** Opening PROVIDED ENTRIES block **

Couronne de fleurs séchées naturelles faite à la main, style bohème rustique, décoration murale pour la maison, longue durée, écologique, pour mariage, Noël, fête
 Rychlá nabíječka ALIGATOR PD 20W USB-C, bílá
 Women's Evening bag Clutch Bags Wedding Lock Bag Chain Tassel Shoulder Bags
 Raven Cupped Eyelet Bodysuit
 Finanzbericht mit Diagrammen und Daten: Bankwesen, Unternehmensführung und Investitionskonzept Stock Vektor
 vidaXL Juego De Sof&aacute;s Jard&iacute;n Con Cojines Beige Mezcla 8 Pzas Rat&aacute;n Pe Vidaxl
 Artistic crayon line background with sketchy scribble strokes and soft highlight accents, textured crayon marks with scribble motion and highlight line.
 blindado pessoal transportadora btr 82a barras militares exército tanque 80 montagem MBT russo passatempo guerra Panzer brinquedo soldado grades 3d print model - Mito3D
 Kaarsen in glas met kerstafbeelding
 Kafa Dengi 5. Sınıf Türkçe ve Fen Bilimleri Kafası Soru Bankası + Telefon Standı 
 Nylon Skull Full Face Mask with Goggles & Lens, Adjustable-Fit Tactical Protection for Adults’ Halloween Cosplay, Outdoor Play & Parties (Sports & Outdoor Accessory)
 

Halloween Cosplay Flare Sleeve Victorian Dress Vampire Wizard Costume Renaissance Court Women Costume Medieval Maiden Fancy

** Closing PROVIDED ENTRIES block **

INSTRUCTIONS FOR THE TASK ->
Look over the data above and show each line that contains "Halloween".

RESPONSE FOR THIS EXERCISE ->
 Nylon Skull Full Face Mask with Goggles & Lens, Adjustable-Fit Tactical Protection for Adults’ Halloween Cosplay, Outdoor Play & Parties (Sports & Outdoor Accessory)
Halloween Cosplay Flare Sleeve Victorian Dress Vampire Wizard Costume Renaissance Court Women Costume Medieval Maiden Fancy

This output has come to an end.